Unfortunately, Andijan has shown up the limits of this rhetoric. Karimov is the Saddam Hussein of our day and the US (and Britain) is locked into supporting him for much the same reasons - because he's there, because he is a useful strategic ally, because he provides the US with a base in the region and because he is a player in an area with resources vital to us. It's not right to say we prefer him because he's a dictator with control of his country. But it is right to say we are prepared to keep with him because we fear the alternatives - in this case instability, ethnic warfare and Islamic fundamentalism. And you can say the same for our support of President Musharraf in Pakistan and Nazarbayev in Kazakhstan.

Bush's talk of freedom is really directed to the Middle East, and then only to the countries around Israel, where it sees its security and resource interests served by a move to democracy that will bring with it American free markets, the break-up of Opec and a recognition of Israel. It is not applied to, or at least not intended for, Pakistan or Central Asia, or even Egypt or Saudi Arabia, where Washington's interests are best served by its relations with existing regimes.

So it was with Saddam and, just as with Saddam, it is pointless trying to make the Karimovs of the world temper their tyranny. They keep power by exercising it, as well they know. And looking at recent history, it is hard to deny them the truth of that instinct. Kyrgyzstan, the one Central Asian country to have seen regime change, is also the one which was furthest along the road to introducing some democracy.

If only we could see countries in their own terms rather than ours, we might be able to do more good - as I still believe we could have done in Iraq if only we'd seen Saddam Hussein for what he was from the start. We are in one of those moments in history when the end of an era and the coming of age of a post-Cold War generation is producing a mood for change across the globe.

Whether this moment is like 1789, when revolution swept Europe, or 1848, when a wave of uprisings surged across the Continent only to ebb away soon after, we don't know. What we do know is that the generation of Russian-trained leaders which took over the republics of the former Soviet Union now looks distinctly endangered.

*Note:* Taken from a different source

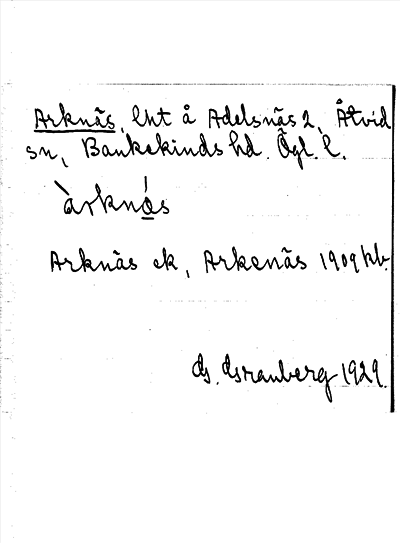 Bild på arkivkortet för arkivposten Arknäs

Global communication and trade have led to a restlessness, a desire for a different, more equal order through most of the developing world, including the Middle East, Pakistan and the remaining authoritarian regimes of Asia.

What we should also recognise, however, is that, although developments may fit a broader pattern, they vary in specifics from country to country. What is happening in Central Asia now is not the same as what is happening in Ukraine and Georgia. Nor is it - despite the US State Department's efforts to channel everything into one course - only about the demand for democracy. Ethnic division and economic deprivation have more to do with the unrest in Kyrgyzstan and Uzbekistan than political demands.

We cannot control these developments. We should not try to own them. But we can help them along if we wish. As a good start, we could stop supporting dictators. It never works over the long term. Then we can try to offer the economic and nation-building assistance that works with what populations want rather than telling them what's good for them from the outside.

We can jump up and down over the hypocrisy and shame of Andijan and feel the better for it. Much better if we used it as the occasion for a sober reappraisal of our "ethical" foreign policy and started to learn just what we can and cannot do to help the downtrodden of other countries.